Your health is important, so if it helps you breathe clean air it’s valuable. There are also the air pressurized helmits(battery operated) that keep you breathing filtered air. They also offer dust collector hose block like attachments, these can range 700 CFM plus. (Rockler model comes to mind). If you already have a large hose dust collector then these attachments would be much cheaper than the Oneida or Grizzly table models. I personally think the Dust collector attachment together with a Trend air filtering helmet would be the ideal setup. Clean air but not sure if the sound decibels would be a problem.
Don’t. Just Dont.
I started as a navy electronic tech in the 80’s. Worked in semiconductor houses. …. Don’t buy this. Just get a nice slower muffin fan, grill, devise legs for it for a stand (1″ & 2″ #6 screws and nuts, add whatever simple unused wall wart and disburse fumes for about $20. The last one I built 11 years ago is still running at my desk (too lazy to turn it off).
Don’t filter. Never the purpose. Just diffuse the fumes into the room like the code says.
Oneida says their unit is not suitable for VOC’s or fume extraction. It’s simply a targeted area dust extractor/ filter.
At least that’s what i gather from the article.
Yes. It should only be used for particulate dust, such as from grinding/sanding/cutting wood. It should NOT be used for fumes.
This looks like a OK solution but with a high price.
My homegrown solution:
I obtained a 110v blower fan from a furnace that was being replaced. Hooked up a switch, boxed it in using some 2×2’s with some leftover corrugated plastic cardboard, and placed a furnace filter on the front.
The airflow is high and the dust reduction is sufficient for me.
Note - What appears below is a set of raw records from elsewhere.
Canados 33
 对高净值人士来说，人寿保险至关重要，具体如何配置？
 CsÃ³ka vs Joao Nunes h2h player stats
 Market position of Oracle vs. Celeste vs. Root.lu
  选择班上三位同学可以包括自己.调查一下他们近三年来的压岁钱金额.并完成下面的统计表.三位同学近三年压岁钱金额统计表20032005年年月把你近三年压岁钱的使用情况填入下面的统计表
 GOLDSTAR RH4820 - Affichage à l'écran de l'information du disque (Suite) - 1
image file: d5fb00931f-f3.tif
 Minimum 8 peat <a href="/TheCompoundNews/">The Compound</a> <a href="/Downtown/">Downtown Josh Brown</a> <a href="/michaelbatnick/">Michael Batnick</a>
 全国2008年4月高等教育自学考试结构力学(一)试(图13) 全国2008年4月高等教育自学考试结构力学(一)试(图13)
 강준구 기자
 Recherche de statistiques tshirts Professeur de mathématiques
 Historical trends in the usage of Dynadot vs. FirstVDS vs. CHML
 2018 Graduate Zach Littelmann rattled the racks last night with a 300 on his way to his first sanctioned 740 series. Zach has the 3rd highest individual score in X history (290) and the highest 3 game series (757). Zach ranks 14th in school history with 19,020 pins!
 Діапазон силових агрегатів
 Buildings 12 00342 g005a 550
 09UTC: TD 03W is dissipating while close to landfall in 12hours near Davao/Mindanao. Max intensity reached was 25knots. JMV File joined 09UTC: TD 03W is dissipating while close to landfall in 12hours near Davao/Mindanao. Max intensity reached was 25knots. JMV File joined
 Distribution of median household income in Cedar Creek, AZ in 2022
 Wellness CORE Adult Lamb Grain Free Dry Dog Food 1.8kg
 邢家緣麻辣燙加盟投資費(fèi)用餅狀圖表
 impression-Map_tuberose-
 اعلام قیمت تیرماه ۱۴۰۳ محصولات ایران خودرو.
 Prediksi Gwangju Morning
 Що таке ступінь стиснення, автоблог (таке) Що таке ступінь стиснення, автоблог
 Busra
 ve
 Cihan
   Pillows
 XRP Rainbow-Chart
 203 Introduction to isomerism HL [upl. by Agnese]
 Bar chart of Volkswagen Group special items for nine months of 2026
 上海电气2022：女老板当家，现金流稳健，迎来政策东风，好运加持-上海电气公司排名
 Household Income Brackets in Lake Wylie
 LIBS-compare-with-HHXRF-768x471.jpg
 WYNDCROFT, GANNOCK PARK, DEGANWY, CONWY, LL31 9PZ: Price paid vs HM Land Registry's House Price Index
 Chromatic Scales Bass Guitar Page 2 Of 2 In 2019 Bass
I still wear a mask when sawing mdf, but it cuts dust down significantly for plywood and hardwood cuts. Additionally, I have used it to dry some spilled water or to exchange inside air with outside air. A friend designed on after he saw mine using another blower fan and I believe he used his when he was sanding drywall. The mileage varies based on design, filter(s) used, and the dust size; but it is a step up from a box fan and filter route.